Trying to raise my kids the best I can

Tuesday, September 20, 2005

Brandon's teacher

I met with Brandon's teacher a few days after school started. I summed up what he learned in homeschool and gave her some work samples. She seemed skeptical of homeschooling like many public school teachers I know. My favorite part of the conversation was when she asked how Chelmsford Schools decided when he was ready to go on to the next level. Her question revealed her complete lack of knowledge in this area. I told her, "They have no say in the matter".

At that meeting I said that I was looking to see him work on his multiplication, division, and subtracting using borrowing, this year. Several weeks later, he was still bringing home the same 1st grade level work, which is addition and subtraction (no borrowing), even the hundreds chart!!

I wrote her a note asking if she could supplement the math work and that I would like to replace some of the homework she sent home with something more challenging for him. In her written reply, she blew me off! And I quote... "It is fine if you would like to supplement the assignments but I would ask that he also complete the class assignments. This will match the activities we are doing in the classroom and will be aligned with the state standards. This is important for his success on the MCAS testing that he will take in the spring."

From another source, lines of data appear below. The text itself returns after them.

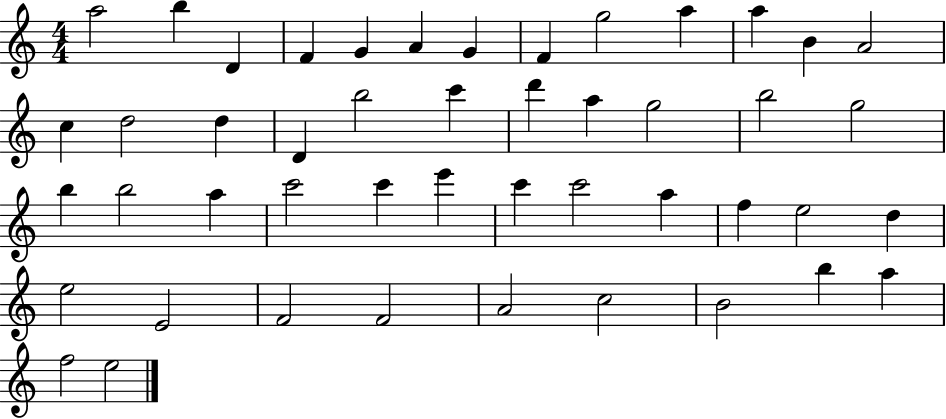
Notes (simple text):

A5/h B5/q D4/q F4/q G4/q A4/q G4/q F4/q G5/h A5/q A5/q B4/q A4/h C5/q D5/h D5/q D4/q B5/h C6/q D6/q A5/q G5/h B5/h G5/h B5/q B5/h A5/q C6/h C6/q E6/q C6/q C6/h A5/q F5/q E5/h D5/q E5/h E4/h F4/h F4/h A4/h C5/h B4/h B5/q A5/q F5/h E5/h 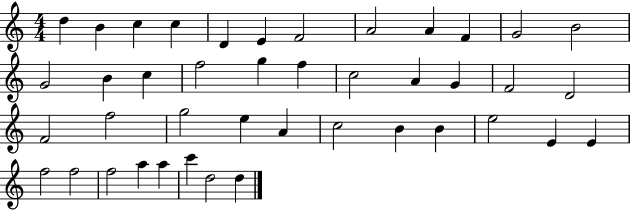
D5/q B4/q C5/q C5/q D4/q E4/q F4/h A4/h A4/q F4/q G4/h B4/h G4/h B4/q C5/q F5/h G5/q F5/q C5/h A4/q G4/q F4/h D4/h F4/h F5/h G5/h E5/q A4/q C5/h B4/q B4/q E5/h E4/q E4/q F5/h F5/h F5/h A5/q A5/q C6/q D5/h D5/q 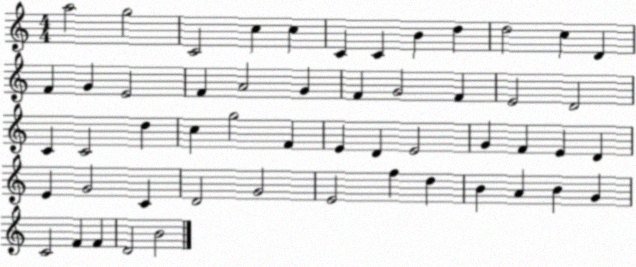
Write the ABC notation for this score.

X:1
T:Untitled
M:4/4
L:1/4
K:C
a2 g2 C2 c c C C B d d2 c D F G E2 F A2 G F G2 F E2 D2 C C2 d c g2 F E D E2 G F E D E G2 C D2 G2 E2 f d B A B G C2 F F D2 B2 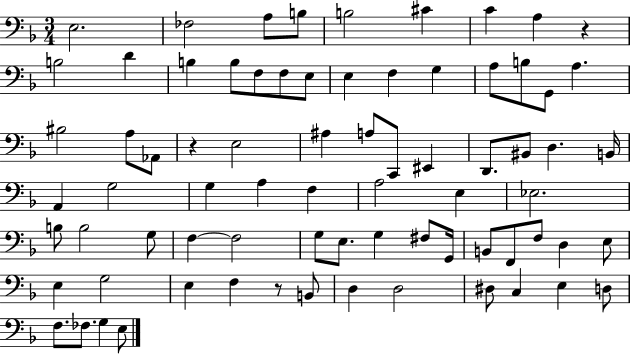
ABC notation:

X:1
T:Untitled
M:3/4
L:1/4
K:F
E,2 _F,2 A,/2 B,/2 B,2 ^C C A, z B,2 D B, B,/2 F,/2 F,/2 E,/2 E, F, G, A,/2 B,/2 G,,/2 A, ^B,2 A,/2 _A,,/2 z E,2 ^A, A,/2 C,,/2 ^E,, D,,/2 ^B,,/2 D, B,,/4 A,, G,2 G, A, F, A,2 E, _E,2 B,/2 B,2 G,/2 F, F,2 G,/2 E,/2 G, ^F,/2 G,,/4 B,,/2 F,,/2 F,/2 D, E,/2 E, G,2 E, F, z/2 B,,/2 D, D,2 ^D,/2 C, E, D,/2 F,/2 _F,/2 G, E,/2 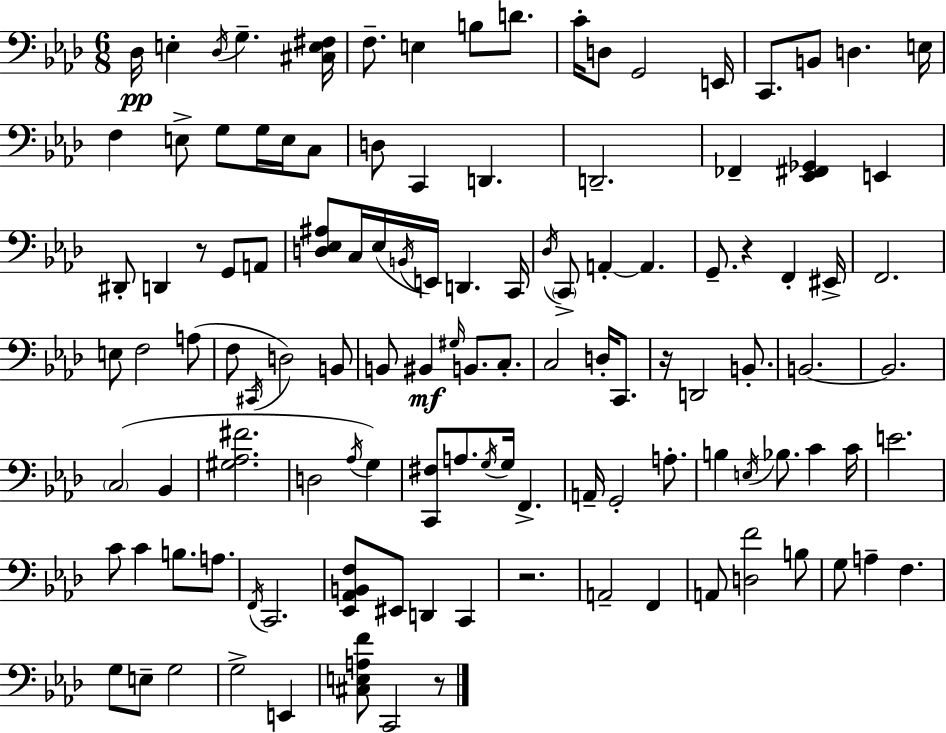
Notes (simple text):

Db3/s E3/q Db3/s G3/q. [C#3,E3,F#3]/s F3/e. E3/q B3/e D4/e. C4/s D3/e G2/h E2/s C2/e. B2/e D3/q. E3/s F3/q E3/e G3/e G3/s E3/s C3/e D3/e C2/q D2/q. D2/h. FES2/q [Eb2,F#2,Gb2]/q E2/q D#2/e D2/q R/e G2/e A2/e [D3,Eb3,A#3]/e C3/s Eb3/s B2/s E2/s D2/q. C2/s Db3/s C2/e A2/q A2/q. G2/e. R/q F2/q EIS2/s F2/h. E3/e F3/h A3/e F3/e C#2/s D3/h B2/e B2/e BIS2/q G#3/s B2/e. C3/e. C3/h D3/s C2/e. R/s D2/h B2/e. B2/h. B2/h. C3/h Bb2/q [G#3,Ab3,F#4]/h. D3/h Ab3/s G3/q [C2,F#3]/e A3/e. G3/s G3/s F2/q. A2/s G2/h A3/e. B3/q E3/s Bb3/e. C4/q C4/s E4/h. C4/e C4/q B3/e. A3/e. F2/s C2/h. [Eb2,Ab2,B2,F3]/e EIS2/e D2/q C2/q R/h. A2/h F2/q A2/e [D3,F4]/h B3/e G3/e A3/q F3/q. G3/e E3/e G3/h G3/h E2/q [C#3,E3,A3,F4]/e C2/h R/e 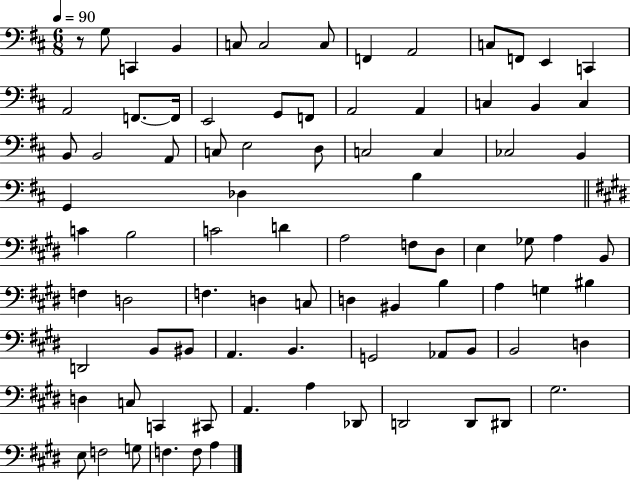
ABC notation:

X:1
T:Untitled
M:6/8
L:1/4
K:D
z/2 G,/2 C,, B,, C,/2 C,2 C,/2 F,, A,,2 C,/2 F,,/2 E,, C,, A,,2 F,,/2 F,,/4 E,,2 G,,/2 F,,/2 A,,2 A,, C, B,, C, B,,/2 B,,2 A,,/2 C,/2 E,2 D,/2 C,2 C, _C,2 B,, G,, _D, B, C B,2 C2 D A,2 F,/2 ^D,/2 E, _G,/2 A, B,,/2 F, D,2 F, D, C,/2 D, ^B,, B, A, G, ^B, D,,2 B,,/2 ^B,,/2 A,, B,, G,,2 _A,,/2 B,,/2 B,,2 D, D, C,/2 C,, ^C,,/2 A,, A, _D,,/2 D,,2 D,,/2 ^D,,/2 ^G,2 E,/2 F,2 G,/2 F, F,/2 A, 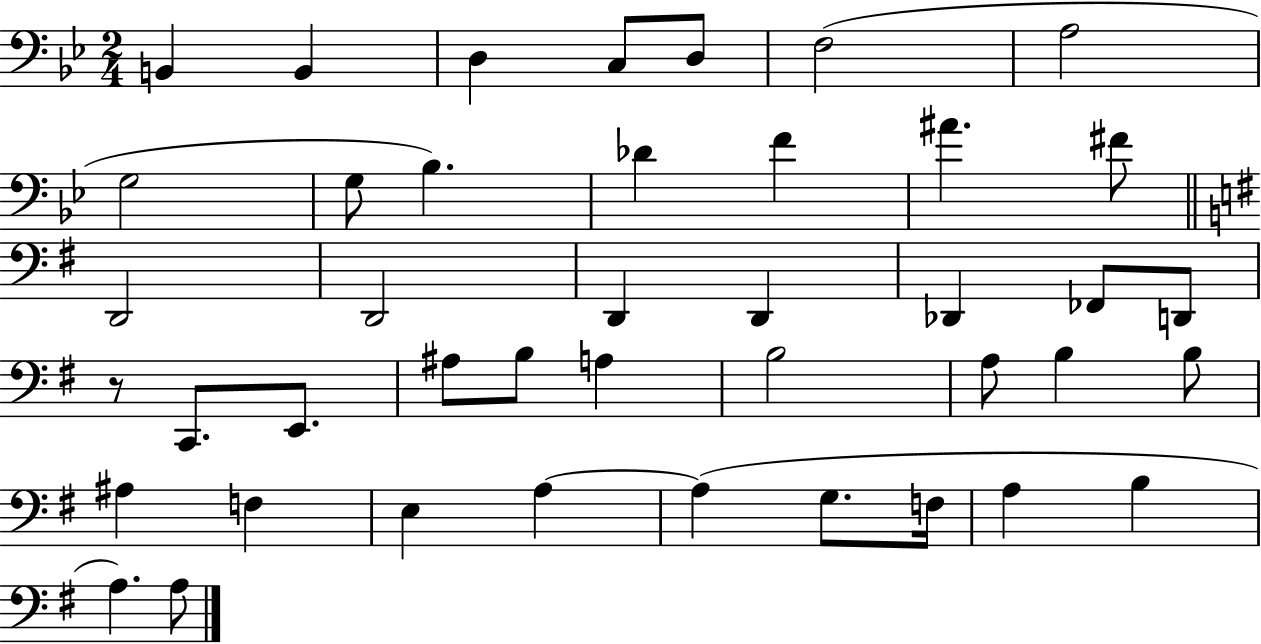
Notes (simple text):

B2/q B2/q D3/q C3/e D3/e F3/h A3/h G3/h G3/e Bb3/q. Db4/q F4/q A#4/q. F#4/e D2/h D2/h D2/q D2/q Db2/q FES2/e D2/e R/e C2/e. E2/e. A#3/e B3/e A3/q B3/h A3/e B3/q B3/e A#3/q F3/q E3/q A3/q A3/q G3/e. F3/s A3/q B3/q A3/q. A3/e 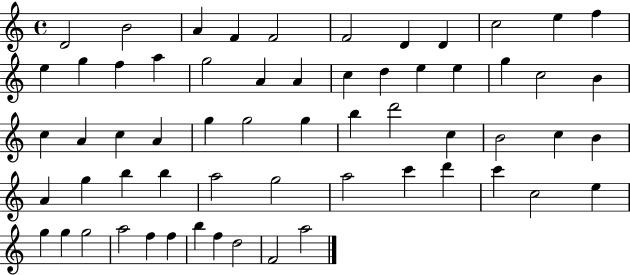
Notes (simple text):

D4/h B4/h A4/q F4/q F4/h F4/h D4/q D4/q C5/h E5/q F5/q E5/q G5/q F5/q A5/q G5/h A4/q A4/q C5/q D5/q E5/q E5/q G5/q C5/h B4/q C5/q A4/q C5/q A4/q G5/q G5/h G5/q B5/q D6/h C5/q B4/h C5/q B4/q A4/q G5/q B5/q B5/q A5/h G5/h A5/h C6/q D6/q C6/q C5/h E5/q G5/q G5/q G5/h A5/h F5/q F5/q B5/q F5/q D5/h F4/h A5/h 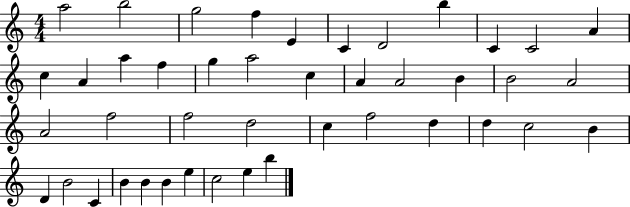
X:1
T:Untitled
M:4/4
L:1/4
K:C
a2 b2 g2 f E C D2 b C C2 A c A a f g a2 c A A2 B B2 A2 A2 f2 f2 d2 c f2 d d c2 B D B2 C B B B e c2 e b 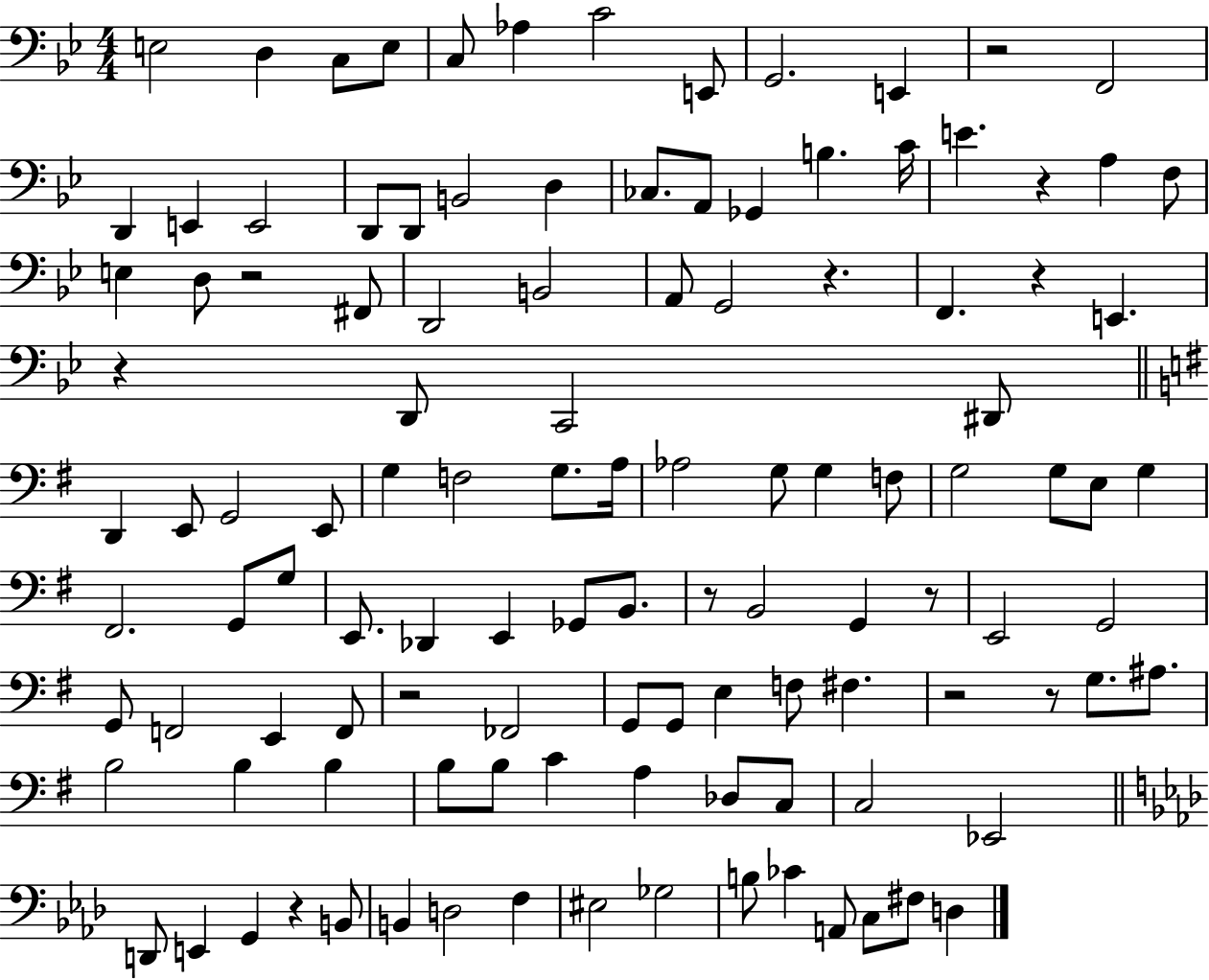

I roll my eyes at the "educationese". Teacher's love using that, especially when dealing with homeschoolers. "aligned with the state standards". Puh-lease. Need I remind her that this school itself is not up to state standards, with a majority of the children "needing improvement" in math MCAS testing.

Last night Brandon's homework was to find and record items that come in groups. How cute. Wolfie probably would have gotten more from that assignment. Brandon already knows what a group is. And perhaps it's their precursor to multiplication, but as I said before, Brandon knows most of his times tables AND he understands them too; so once again, it was a pointless activity.

My friend pointed out that I was doing the entire class a favor by asking her to raise her standards. But unfortunately, I can see that I am getting no where with her and I was thinking that the most fair way of handling this would be for him to go to a fourth grade classroom for math. After all, we can't expect him to teach himself fourth grade math through worksheets. And we can't expect the teacher to teach two different math lessons.

So I will discuss this with her, but I am not expecting a warm response.


  • At 2:28 PM, Blogger Ben Meyer said…

    I remember that the first several weeks of elementary school was always review and simple stuff so the teacher could gauge where you were. One thing you can look into is to find if he could be in the "red" group or something ;) Either way no matter what make sure you don't talk badly about her in front of him because if you don't respect his teacher he wont either which is much worse.

  • At 10:43 PM, Blogger halkoo said…

    I taught fourth grade for several years and although we did start the year with some extensive review of + and - we got into mult. and div. as well fractions in short order. I hope you and Brandon's teacher can work together for his good!

  • At 7:51 AM, Blogger Deena said…

    I know what you guys are saying; it's such a fine line between advocating for your child and "going against" his teacher. I'm really trying to keep things warm and friendly with her. I don't want to make her job harder than it is, but I still have a responsibility to my son I'm trying to fulfill.

  • At 3:36 PM, Blogger Bruce said…

    Yup. Go with, not against the teacher. I remember Jesus saying to respect the pharisees and teachers of the law, and to do all that they command--and then go beyond. Same here, with the appropriate changes.

    With one of my kids, an elementary teacher was frustrated with his/her performance. In conference with her, I told her that I thought her job was "to assist me in teaching my children." Her response was, "Finally, someone who understands what I do..." No that wasn't it, it was more like "furious." But the principal got between us, and we ended on a minimally civil tone.